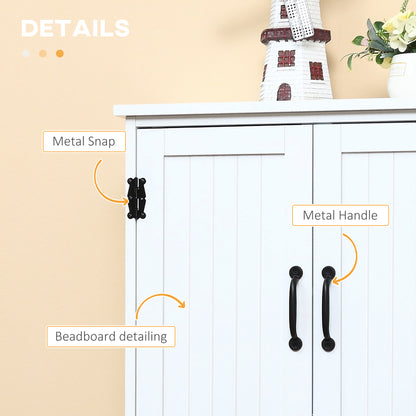 Accent Floor Storage Cabinet, Kitchen Cupboard Sideboard with Adjustable Shelves and 2 Lower Doors, White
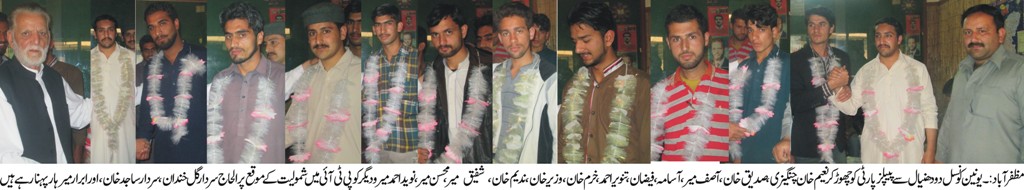 مظفر آباد: یونین کونسل دودھنیال سے پیپلزپارٹی کو چھوڑ کر نعیم خان چنگیزی کی پی ٹی آئی میں شمولیت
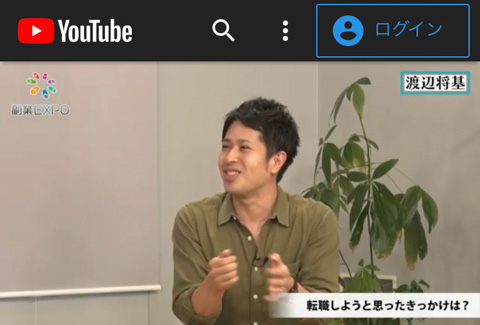 『副業EXPO』に元阪神・片岡篤史、杉原杏璃、YouTuber・カジサックらが出演！ カジサックがYouTube登録数300万人目指すと公言！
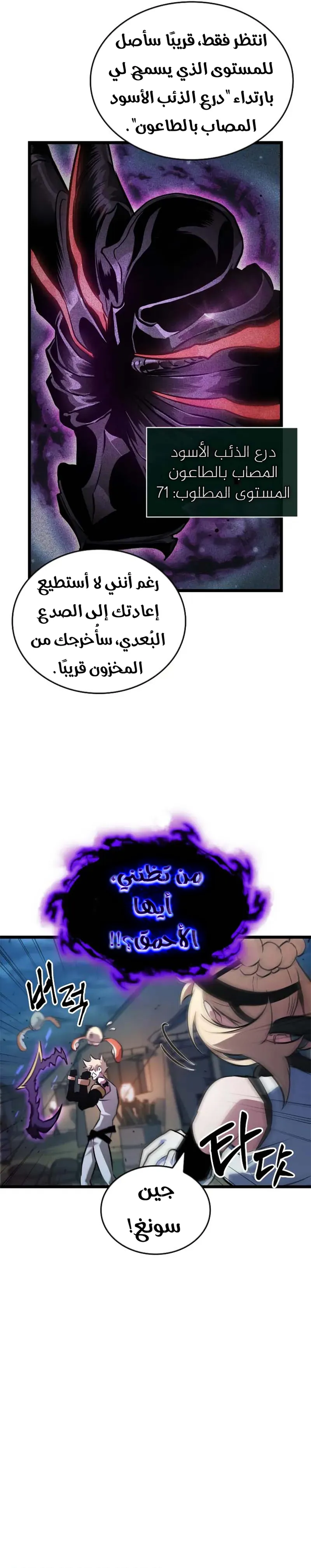 Read The Light of Arad The One Who Walks First AR Manga Online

________________________

Nothing but the pictures is to be left out; repeat the data exactly.

• _SOLUTION_
 Accent Floor Storage Cabinet, Kitchen Cupboard Sideboard with Adjustable Shelves and 2 Lower Doors, White
 مظفر آباد: یونین کونسل دودھنیال سے پیپلزپارٹی کو چھوڑ کر نعیم خان چنگیزی کی پی ٹی آئی میں شمولیت
 『副業EXPO』に元阪神・片岡篤史、杉原杏璃、YouTuber・カジサックらが出演！ カジサックがYouTube登録数300万人目指すと公言！
 Read The Light of Arad The One Who Walks First AR Manga Online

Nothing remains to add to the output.